Conveniently, the work surfaces are moved continuously through a loading station arranged in the longitudinal direction of the work surfaces.

In this case, the loading station is continuously loaded with cup bodies which are pushed onto the work surfaces from above and in the longitudinal direction of the belt. As a result, the unevenness in the manual loading of the cup bodies can be easily compensated.

A further advantageous embodiment of the method is characterized in that the shortening of the shaped bodies from the strips is carried out at a shortening station which is stationary in the longitudinal direction of the work surfaces, the strips moving to the shortening station by working surfaces and the shortening station moving from the work surface to the work surface. In the area of the shortening station, the working surfaces are expediently divided into partial working areas. According to this embodiment of the method, immediately after or before the strips are removed from the work surfaces, these can be divided again into partial work surfaces so that these - if the loading station is not directly adjacent to the shortening station - can be brought back immediately to the loading station.

In order to facilitate the arrangement of the cup bodies in a precisely co-axial position and to prevent the cup bodies from slipping as the work surface moves away from the fixed loading station, the cup bodies of the at least one belt are aligned with each other by at least one guide element moving with the work surface.

Apparatus for carrying out the method with a working surface extending over a predetermined length, a loading station for cup bodies which is immovable in the longitudinal direction of the working surface, a pouring device for pouring concrete and a shortening device, the working surface being movable along the loading station , characterized in that two or more work surfaces are arranged parallel to each other and the loading station for the cup bodies can be brought from the work surface to the work surface.

Preferably, the work surfaces are formed from successive pallets, the pallets forming the work surfaces being movable along a guide at the loading station, which is stationary in the longitudinal direction of the work surfaces. This makes the work surfaces particularly supportive and stable without the need for special support structures, etc.

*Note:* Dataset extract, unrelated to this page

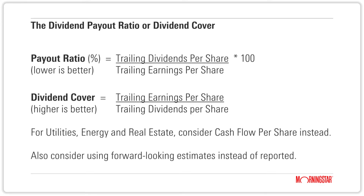For example, if a company reported an earnings per share of $1 and pays a dividend of $0.80, the payout ratio on earnings would be 80%. The inverse of this, for some markets, is referred to as the dividend cover.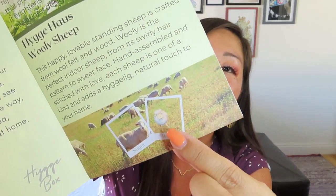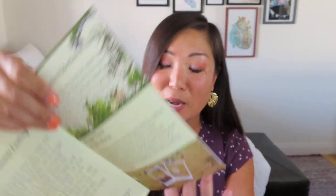This happy, lovable, standing sheep is crafted from wool, felt, and wood. Wooly is the perfect indoor sheep — from its swirly hair pattern to sweet face, hand-assembled and stitched with love. Each sheep is one of a kind and adds a hygge-lig natural touch to your home. It's got this little wood cut-out face and a really pretty ball-of-yarn body with fun spirals and these little stick legs. It's going to go so well with my other little sheep. I actually have several decorative sheep decorating my desk, and I am so excited to add Wooly to the collection. It's almost like kawaii — an adorable item I was not expecting from this box.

Advantageously, a pallet stack can be brought into position in the region of the loading station, of which the uppermost pallet is removable and usable along the guide when connected to the first pallet removed to form a planar working pallet.

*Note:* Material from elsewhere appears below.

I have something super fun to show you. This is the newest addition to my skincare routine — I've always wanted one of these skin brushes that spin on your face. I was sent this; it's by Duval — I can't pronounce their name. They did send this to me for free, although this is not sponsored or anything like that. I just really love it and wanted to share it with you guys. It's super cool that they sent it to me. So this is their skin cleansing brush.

According to a preferred embodiment, the work surfaces are movable to the shortening station, immovable in the longitudinal direction of the work surfaces, whereby the investment costs can be further reduced since the shortening station no longer needs to be movable along the work surface.

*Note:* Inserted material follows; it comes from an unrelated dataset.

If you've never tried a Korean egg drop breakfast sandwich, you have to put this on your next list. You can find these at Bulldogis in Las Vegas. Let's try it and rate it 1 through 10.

Another advantageous embodiment is characterized in that the pallets are stackable in the area of the shortening station in the stacking station, wherein the pallet constituting the last working surface is movable and lowered in the stacking station, and the next pallet can be brought into the same position via the first lowered pallet. and that the side-by-side, spaced, poured and continuously cured tray bodies formed by the belts are transportable through the pallet stacking station and the shortening station is arranged in the conveying direction of the work surface behind the stacking station. In this way, the shortening process, which is carried out, for example, by means of a splitting saw, is carried out outside the work area and without contaminating the pallets.

In this case, a guide device for the belts, respectively arranged downstream of the stacking station, is expediently aligned with the work surfaces. for belts with shortened supporting elements.

Conveying rollers and / or conveyors are expediently provided for the transport of pallets and / or conveyors. conveyor rollers which may be reversibly driven. Gear wheels, chains or the like can also be used.

According to another preferred embodiment, a cable drive, preferably an endless cable drive, is provided for conveying the work surfaces.

Suitably, the loading station is provided at a distance corresponding to a predetermined length of belts from the shortening station, thereby allowing new pallets to be rearranged at the loading station at the loading station and placing the cup bodies on the newly created work surface before they are finished. strips taken from the desktop.

According to another preferred embodiment, the loading stations and the shortening stations are arranged directly next to each other, preferably in the longitudinal direction of the work surfaces - arranged separately by means of a stacking station, with the advantage that the pallet stack does not have to be moved from the shortening station to the loading station. that only one stacking position must be provided for pallets with corresponding pallet lifting and lowering devices.

A particularly advantageous embodiment is characterized in that the belt shortening device is movable from the work surface to the work surface. This results in savings in investment costs and in particular a rational design of the support bodies.

In order to facilitate the arrangement of the cup-shaped bodies in exactly co-axial position, the working surfaces are provided with at least one guide element coming into contact with the cup-shaped body.

Preferably, at least one guide element is provided on each lateral edge of the work surfaces, and the guide element is expediently designed as a guide bar extending in the direction of movement of the work surfaces. This embodiment is particularly advantageous if the work surfaces are pallets.

According to a preferred embodiment, the guide elements are designed as protruding protrusions over the working surface, which come into contact with only one individual cup-shaped body.

A further preferred embodiment is characterized in that the working surfaces are formed by an endless belt, in particular an endless plate belt, and the guide elements are arranged at a distance from one another.

Preferably, the guide element is integrally formed with the work surface.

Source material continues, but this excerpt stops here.